[Provided material — start]

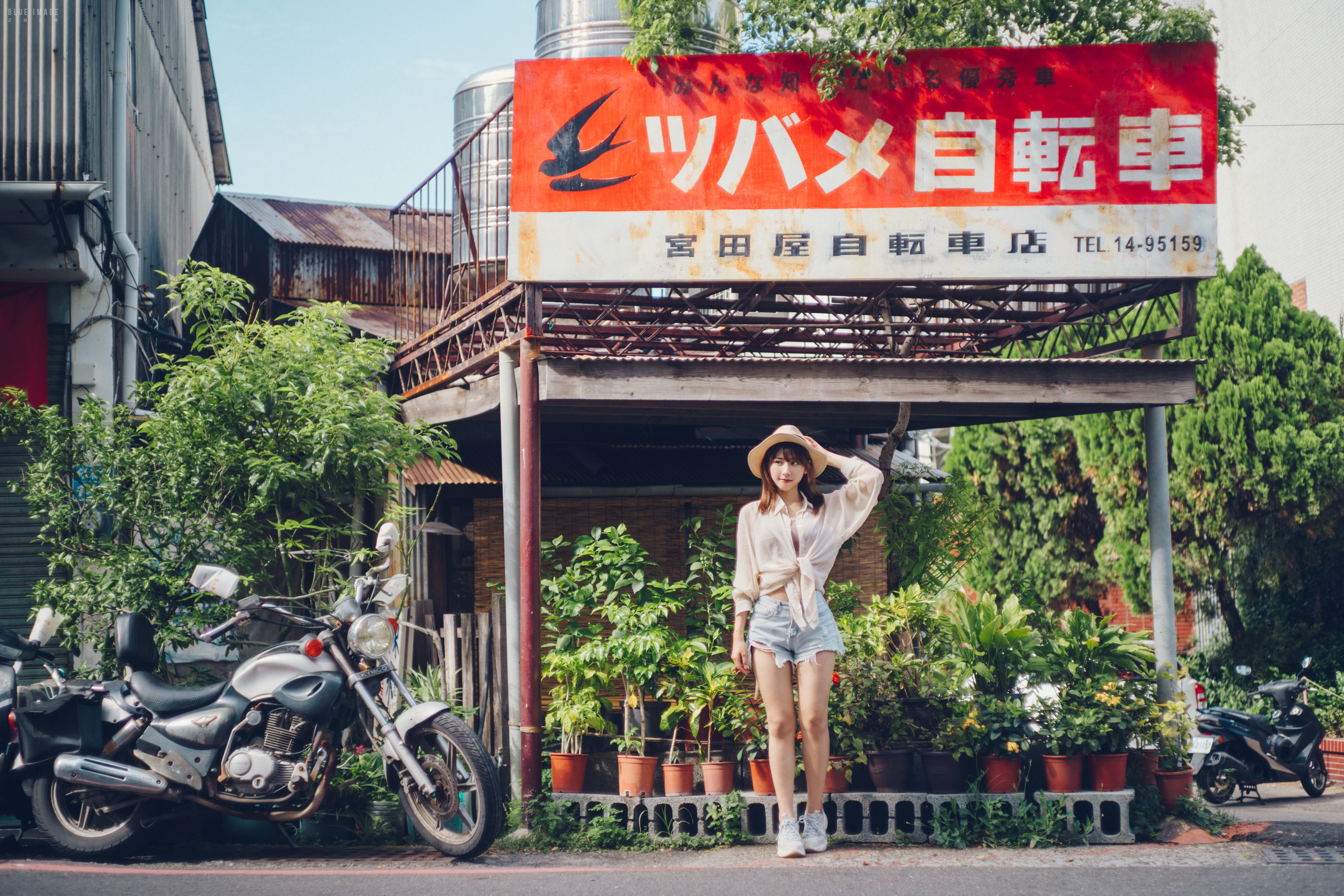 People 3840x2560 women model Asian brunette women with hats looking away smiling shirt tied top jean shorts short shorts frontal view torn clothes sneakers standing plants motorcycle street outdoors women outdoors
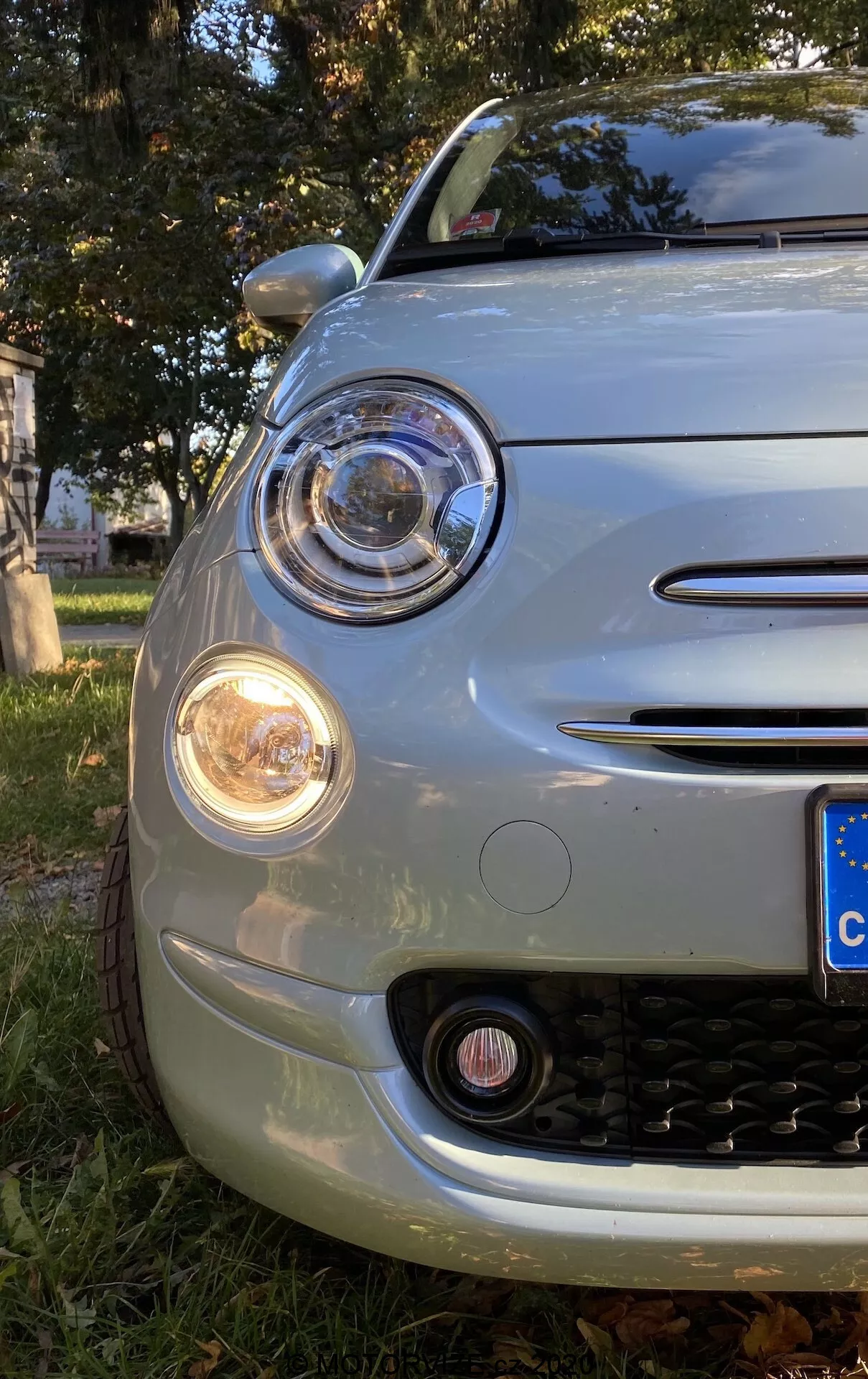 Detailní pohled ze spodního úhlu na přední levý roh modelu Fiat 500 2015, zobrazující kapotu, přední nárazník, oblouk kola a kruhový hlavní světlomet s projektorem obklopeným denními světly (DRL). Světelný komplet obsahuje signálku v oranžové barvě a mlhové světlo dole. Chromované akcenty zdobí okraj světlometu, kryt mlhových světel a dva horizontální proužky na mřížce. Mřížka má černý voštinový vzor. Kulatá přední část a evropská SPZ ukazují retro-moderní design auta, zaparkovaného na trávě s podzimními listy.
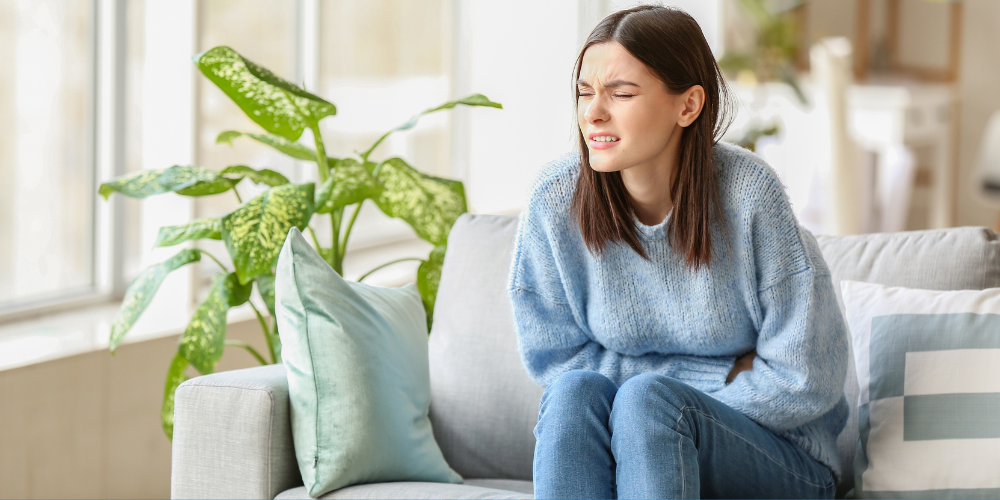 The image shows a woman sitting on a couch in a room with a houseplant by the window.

[Provided material — finish]

- **What is required**
The exact lines from the one containing "Detailní pohled ze" through the end of the data are to be copied, with both ends kept and pictures left out.

- **Answer to this problem**
 Detailní pohled ze spodního úhlu na přední levý roh modelu Fiat 500 2015, zobrazující kapotu, přední nárazník, oblouk kola a kruhový hlavní světlomet s projektorem obklopeným denními světly (DRL). Světelný komplet obsahuje signálku v oranžové barvě a mlhové světlo dole. Chromované akcenty zdobí okraj světlometu, kryt mlhových světel a dva horizontální proužky na mřížce. Mřížka má černý voštinový vzor. Kulatá přední část a evropská SPZ ukazují retro-moderní design auta, zaparkovaného na trávě s podzimními listy.
 The image shows a woman sitting on a couch in a room with a houseplant by the window.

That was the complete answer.